As I sit down to revise Mojo Mom I am digging in by starting on my chapters about relationships, work and family. Even as I build on years of studying these issues, relevant new reporting is coming out at a dizzying pace.

Earlier in the week I was writing about gender roles and power dynamics, when Tara Parker-Pope reported in her Well column really interesting new research about what heterosexual couples can learn from same-sex partnerships.

Then today, just as I was thinking about how we can rewrite the "Opt-out narrative" to more accurately reflect women's lives, Lisa Belkin herself published a New York Times Magazine cover story that suggests that she is ready to develop a nuanced sequel to the storyline she ignited back in 2003.

In her new feature When Mom and Dad Share It All -- Adventures in Equal Parenting Belkin highlights how gender roles lead to typical unequal parenting in the first place:

The obstacles to equity are enmeshed and interwoven, almost impossible to separate from one another. Deutsch did a study of 150 couples who tried sharing to various degrees, and her results suggest that social norms play a large part in why so few marriages are truly equal. Choices are made in a context. It is rare that you choose something you have never seen.

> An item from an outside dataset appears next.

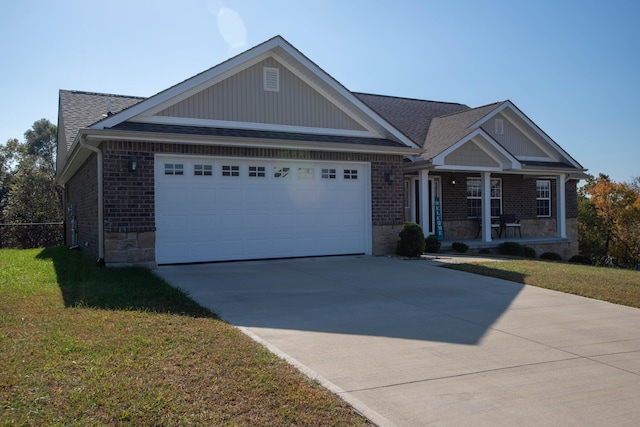 view of front of house with a garage, a front lawn, and a porch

So men who do more around the house than their fathers and spend as much time with children as their neighbors feel that they are doing their share and their wives feel grateful to have such involved partners....

Messages, loud and soft, direct and oblique, reinforce contextual choice. “A pregnant woman and her husband,” Deutsch says, “how many people have asked her if she is going to go back to work after the baby? How many have asked him?”

Looked at through that lens, what seems like an external institutional barrier to equal sharing becomes something else entirely. He makes more money than she does, so of course she should be the one to step back her career; she has a more flexible line of work than he does, so of course she should be the one to work part time. Those may seem like choices, but they have their roots in social norms.


Belkin's article is nuanced and worth reading in its entirety.

You'll hear much more on this topic from me in a new chapter to be added to the forthcoming edition of Mojo Mom.